There are constant updates for the operating system. It is a nice thing also, but it has its own disadvantages. Continuous updates are there. The users face issues like, how often do I need to update that? Within a period of five months, I'm updating it two or three times. It gives them a feeling that they are not confident about their product and have to update it so frequently. Plus, there are certain bugs, like in the 10.1 version, it's had some bugs. Then, they are upgrading it to the 10.2 version. They are updating that for the bugs. But the time duration between the two is less than the others. If we go for Cisco, they don't have their OS upgrades frequently as parallel to us. So that's the disadvantage.

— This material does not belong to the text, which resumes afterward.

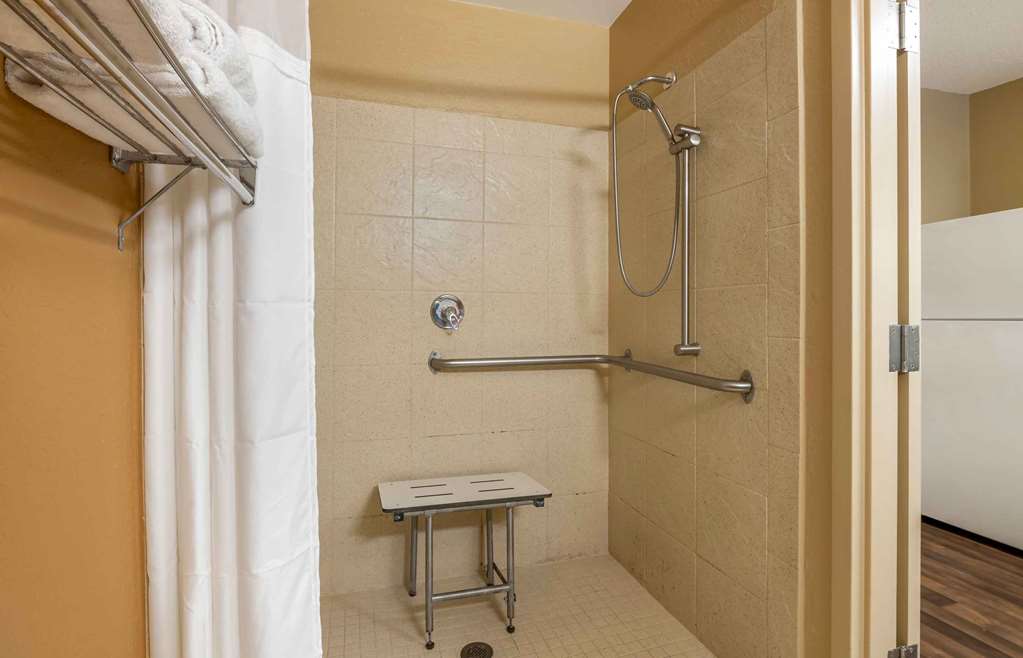 Extended Stay America Select Suites Gainesville I 75 - photo 37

The SD-WAN feature of Palo Alto Networks is not good compared to FortiGate. It is also more complicated to configure, while FortiGate is much easier.
There seem to be some issues with TAC (Technical Assistance Center) or Palo Alto support. Anytime you open a case, a level one engineer joins, and then you have to escalate it to level two or three. The support system has changed in the past few years, and that's something they need to look into. In future releases, I would add one feature where we can take a subnet or take an IP and create a list of rules that are for that IP. There is an option, but it's not as expansive as I would like. When you run a report, you have to run it for a hostname. And when you look at the report, you see the hostnames, but you don't see the IPs. Like, there is no additional column for seeing the IP of the hostname or the subnet of the hostname. So that creates an issue. You have to go into the file and take the export list of firewall rules, and then you have the hostname got have the IP, then you have to note down the IP addresses.
Palo Alto Networks PA-Series should improve its price. It should also include a feature similar to Sophos Security Heartbeat.
There should be an improvement in the protection of endpoint computers when working outside the office. Currently, they are not protected with any data security when they work from home or outside the network. They surf the Internet directly and should implement a proxy or firewall to monitor the data between the endpoint and the Internet. In future releases, there may be better monitoring and reporting. In the past, there were some situations with vendor utilization where it was sometimes challenging to catch in real-time which user or device was generating excessive traffic, leading to increased utilization. There were some situations where it was easy to catch the source of high utilization through the device. There may be better monitoring or reporting capabilities.